He also congratulated John McDonnell, the shadow chancellor, for recruiting serious international economists to advise him on the future of the British economy.
Miliband insisted he would never be a “back-seat driver” as a former party leader and refused to predict whether Labour would do well under Corbyn, saying his own record showed “predictions aren’t my thing”.
His comments came a day after the shadow business secretary, Angela Eagle, refused to say that Corbyn and McDonnell were suitable for “the highest offices in the land”.
Appearing on BBC Radio 4’s Today programme on Monday, Miliband was asked whether his successor was suited to being prime minister.
He replied: “Of course. In the end that’s a decision for the electorate, as I discovered to my cost. That’s a decision the electorate has to make.”
Miliband added: “I believe that he wants a fairer country and, if you look at some of the people that John McDonnell has brought – Thomas Piketty, Joseph Stiglitz – international economists, they are the people actually arguing for this big question that our country faces, and this doesn’t go away.
“We’ve got a country divided, I believe, between the top 1% and everybody else – that is the new inequality.”
Asked whether Labour was stronger or weaker than when he was leader, he said: “I think it has a strength in depth in terms of our membership which we didn’t have before. Jeremy Corbyn has doubled our membership and I’ve seen that myself in my own constituency as a constituency MP – and I think this is quite important.
“I’m seeking to work out how do we use these new members so that we can do what we didn’t do fully under me, which is to become a community organisation that actually is a presence in communities up and down this country.”
He insisted he would not provide a running commentary on his successor.

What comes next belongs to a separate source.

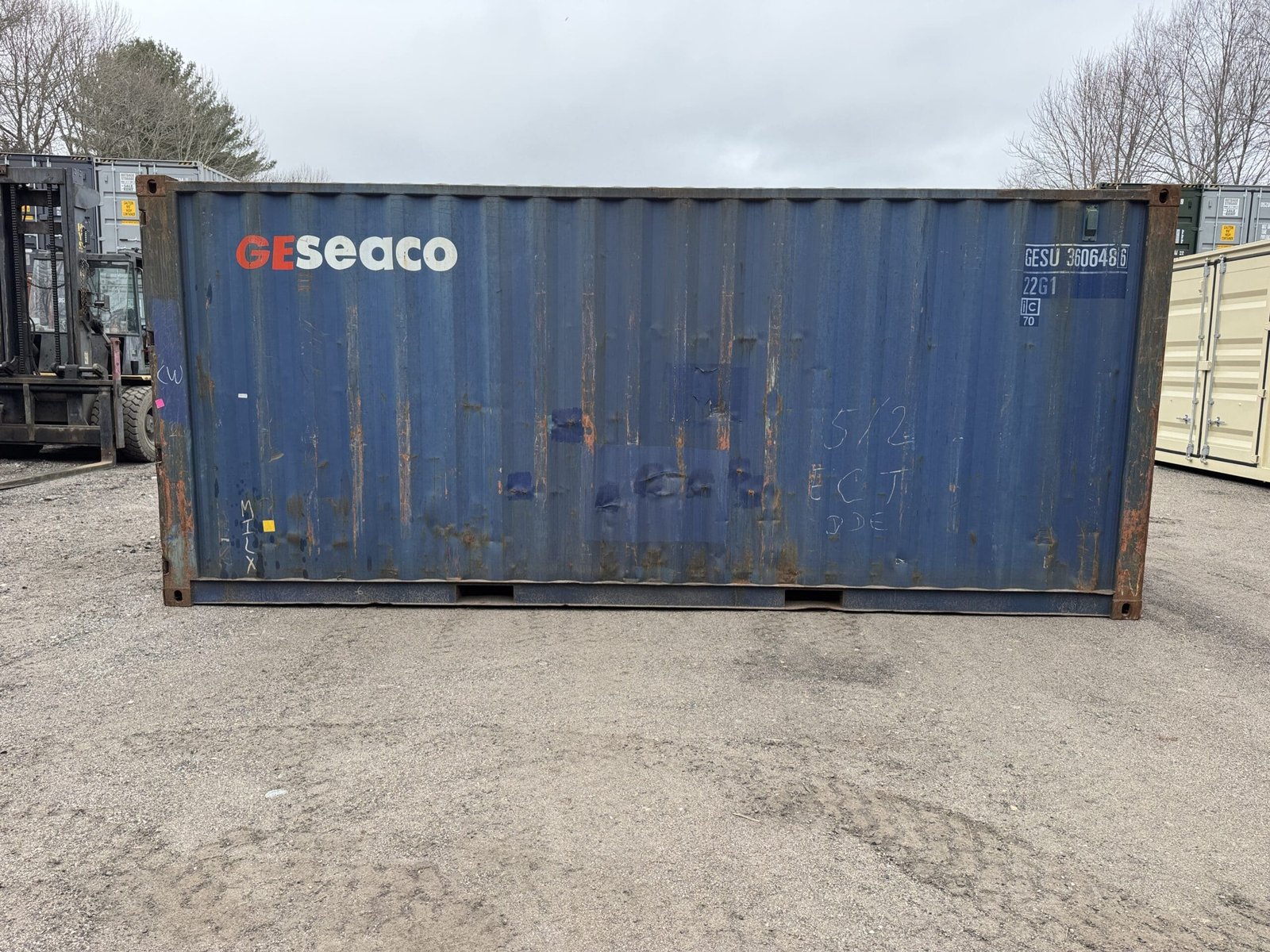 20ft Used Shipping Container - Wind & Watertight - Blue - Unit GESU360648-6 - Image 7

“He’s going to argue it in his own way and he’s set out what he believes is his mandate for, which is anti-austerity, a different approach to foreign policy and participatory politics,” he said.
Miliband told interviewer James Naughtie that he was not going to be “a backseat driver” while Corbyn was in charge. Naughtie told him that, having “crashed the car”, that wouldn’t be appropriate anyway. “Thanks,” said Miliband.
Miliband was not asked about remarks reported in the media on Sunday, which suggest things have got worse under Corbyn.
There is still bitterness in parts of the parliamentary party that Miliband, shell-shocked by electoral defeat, did not stay on as caretaker leader to manage a postmortem, as well as oversee the election of his successor. His sudden departure, it is argued, left the party rudderless and vulnerable to an untested electoral system that allowed tens of thousands of people outside the party to vote for Corbyn.